Abuja, Nigeria (CNN) -- Riots erupted Monday in cities across northern Nigeria as a spokesman for Goodluck Jonathan said he would emerge the victor in Sunday's presidential tally.
"He has won 25% in the necessary number of states and the majority vote -- he has satisfied the constitutional requirement to be president," said Ken Okolugbo, a member of the Goodluck Jonathan Campaign Council. Official results were expected Monday.
The Independent National Electoral Commission was posting on its website a running tally with results from 33 of the country's 36 states and its capital showing Jonathan far ahead of his main challenger -- Muhammadu Buhari.
Thousands of people participated in the outbreaks of unrest, which took place in Kaduna city and Zaria, in Kaduna state, and Kano. A witness who asked not to be identified out of fear of reprisal said a church was set afire in Kaduna, about two hours north of Abuja, the nation's capital.
Shehu Sani of the Civil Rights Congress said violence also erupted in Suleja, Niger state, where gunshots were heard, business owners shuttered their shops and military were on the streets. He described the scene as "pandemonium." Citing his sources there, he said there were reports of fatalities and injuries.
Sani said youths were targeting offices and officials of the ruling Peoples Democratic Party, and burned a house and a car belonging to an adviser to Vice President Namadi Sambo.
Jonathan's strength was in the south; in streets of the northern cities, rioters shouted Buhari's name.
On Sunday, riots occurred in Bauchi state, Adamawa state and Gombe state.
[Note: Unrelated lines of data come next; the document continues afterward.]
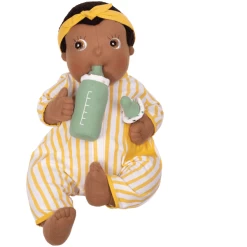 Rubens Barn Fles En Speen -SpeelgoedKorting Winkel rubens barn fles en speen a360027 4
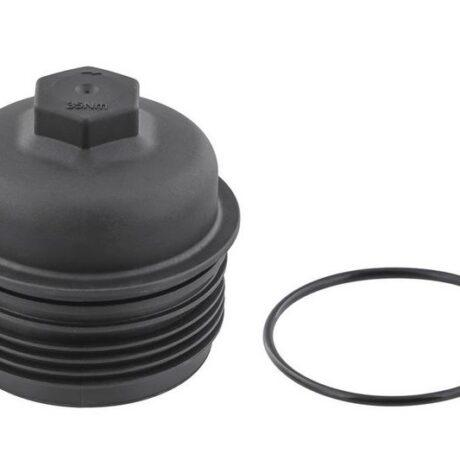 Õlifiltrikaas TOPRAN 057115433A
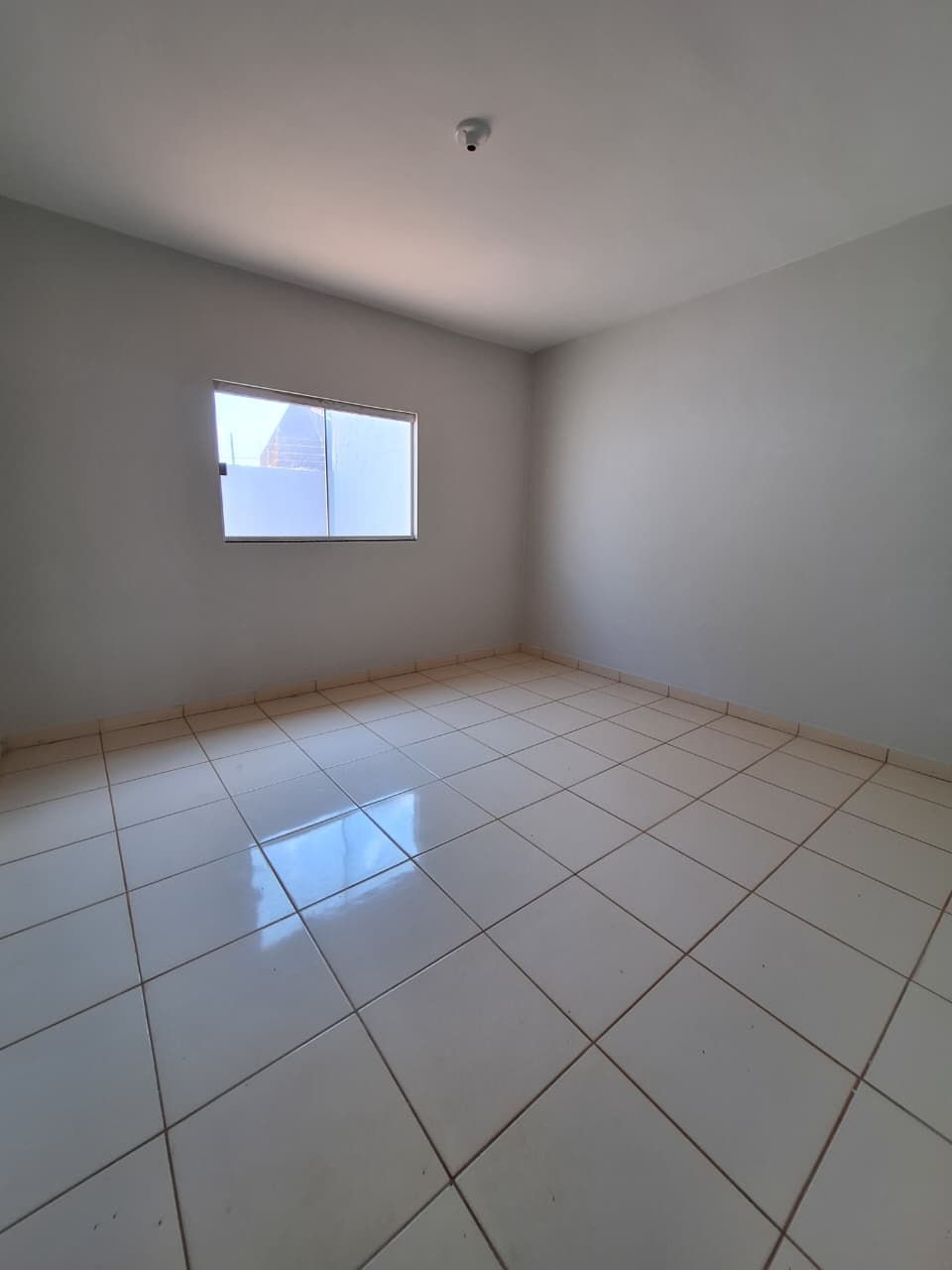 Casa Residencial Monte Pascoal 143m²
A witness said tires were burned across Kano.
To avoid a runoff, Jonathan must get at least a quarter of the vote in two-thirds of the 36 states and the capital.
Nigerians voted Saturday for their president, a week after parliamentary elections were marred by violence and accusations of fraud in Africa's most populous nation.
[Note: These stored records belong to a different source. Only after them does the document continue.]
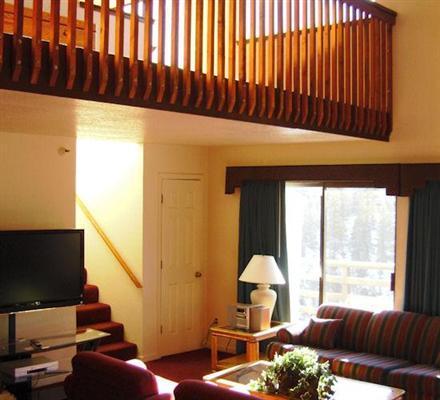 Tahoe Summit Village - thumb 16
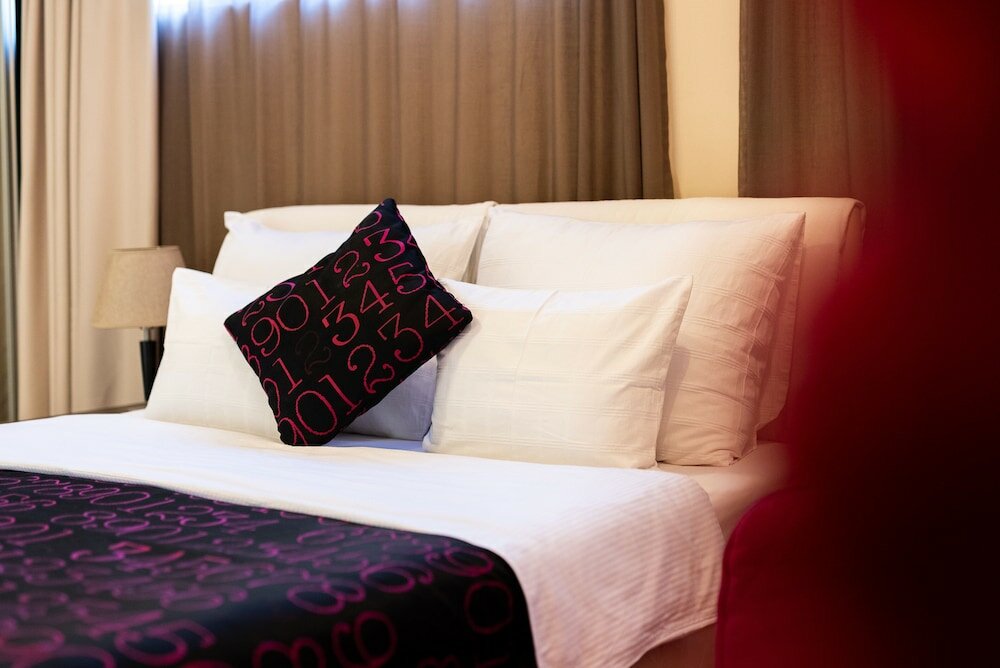 Фото Hotel Alexandar Lux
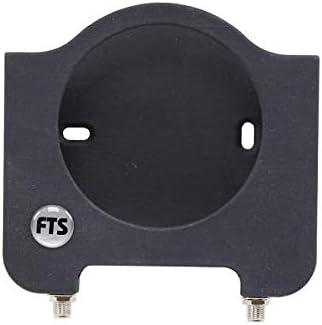 Mounting & Antenna Adapter for NetGear Nighthawk M1100-100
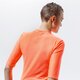 dámske tričko NIKE TRIČKO SPORTSWEAR ICON CLASH cz8176-854 farba oranžová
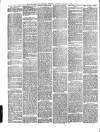 Deal, Walmer & Sandwich Mercury Saturday 15 August 1885 Page 6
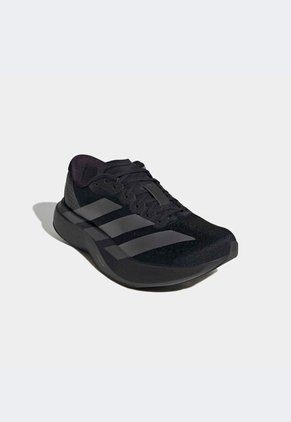 Tenis adidas Performance Adizero EVO SL Negro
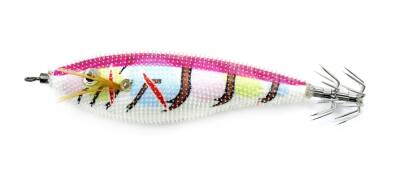 KALAMAR 3028 ZOGGAA GLOW KAPLAMA 8CM - 3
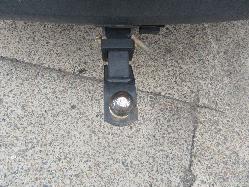 View Auto part Right Guard Kia Sorento 2013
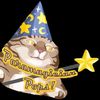 para_magician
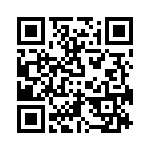 VJ1661530000G QRCode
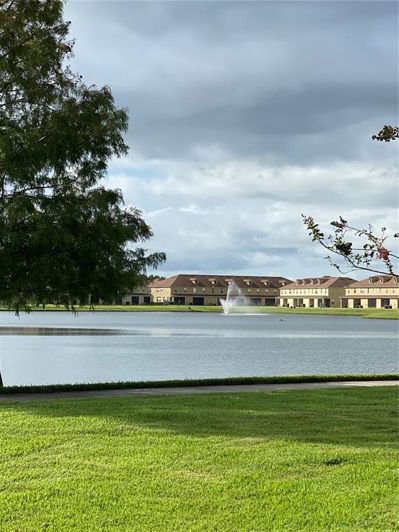 Image No.34-3 Bed Apartment for sale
Jonathan is the front-runner despite a poor performance in those elections by his People's Democratic Party. He is popular in the Christian and animist south.
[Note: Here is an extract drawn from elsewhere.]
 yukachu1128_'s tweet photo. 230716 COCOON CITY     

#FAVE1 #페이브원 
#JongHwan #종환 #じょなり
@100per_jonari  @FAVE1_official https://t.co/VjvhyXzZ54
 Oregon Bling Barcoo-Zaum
The former vice president assumed office after President Umaru Yar'Adua died last year following treatment for a kidney ailment in Saudi Arabia.
Jonathan has led the nation of about 150 million people since May. About 73 million people were registered to vote.
His main challenger, Buhari, is a former military ruler and was a contestant in the 2003 and 2007 elections. He is the candidate for the Congress for Progressive Change and enjoys support from the mostly Muslim north.
Other candidates included Nuhu Ribadu and current Kano state Gov. Ibrahim Shekarau.
Saturday's voting was largely peaceful, in contrast to the violence that characterized the country's parliamentary elections on April 9. During that vote, separate bomb blasts ripped through a polling station and a collation center in northeastern Nigeria.
Human Rights Watch has estimated that at least 85 people have been killed in political violence so far.
A new election chief promised free and fair elections, but the electoral commission was forced to put off elections earlier this year by a week after logistical problems, including party logos missing from ballot papers, were reported nationwide.
Nigeria, Africa's most populous country and its largest oil producer, is a major supplier of crude oil to the United States, and it hosts many Western oil companies and workers.
Nigerians voted April 9 for 360 House of Representatives seats and 109 Senate seats. A gubernatorial vote will be held on April 26.